Welcome to Apfelstrudel
As a Mac user, you use file and folder names which can include upper and lower case Roman letters, accented characters, and non-Roman characters from scripts such as Cyrillic, Arabic, and Japanese. You will already be aware that (unless using case-sensitive HFS+) you cannot have two files named this.text and This.text in the same folder, because the file system preserves case, but is not case-sensitive.
Unless you use accented or non-Roman characters, you may not be aware that they can cause further issues. For example, although they may look the same, café.jpg and café.jpg use different Unicode characters. Spelt out in hexadecimal, they are 63 61 66 c3 a9 2e 6a 70 67 and 63 61 66 65 cc 81 2e 6a 70 67. You can verify this by copying each into a good text editor, and checking their length: although they look the same in most fonts, they have different lengths.

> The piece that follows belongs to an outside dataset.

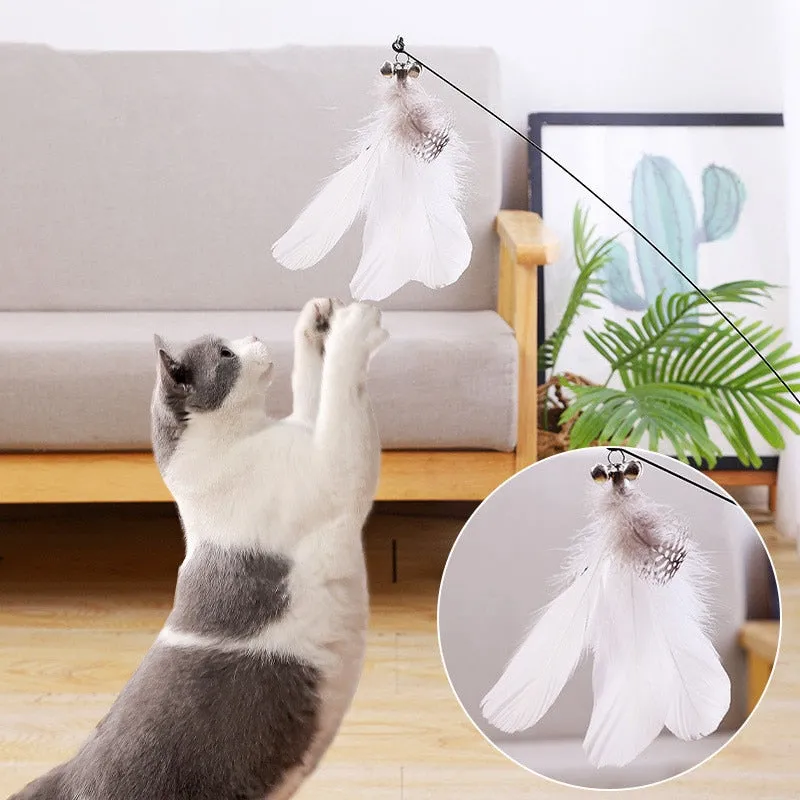 Interactive Feather Cat Toy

To cope with this type of problem, macOS performs Unicode normalisation of strings used to name files and folders. When necessary, this changes characters so that all e-acutes are represented by the same Unicode character. This explains why you cannot have those two files in the same folder, because macOS changes one of them under normalisation, and they would then have exactly the same name.
Because the characters look the same, we are not aware of what normalisation actually does, much of the time. But when you try moving files between two different normalisation systems, or an app uses file names without normalising them, you can get problems. The Mac uses a different form of normalisation from Linux, and the Mac’s old file system, HFS+, handles normalisation differently from its new file system, APFS, but there is a compatibility layer which should ensure that HFS+ and APFS work in concert.
Apfelstrudel shows you how strings which look identical may be encoded quite differently, how they change when normalised using each of the four different Unicode schemes, and provides normalised forms which you can use more safely where necessary.
Apfelstrudel is thus useful for anyone who uses file and folder names within different file systems. It may also prove fascinating for anyone interested in text representation on computers.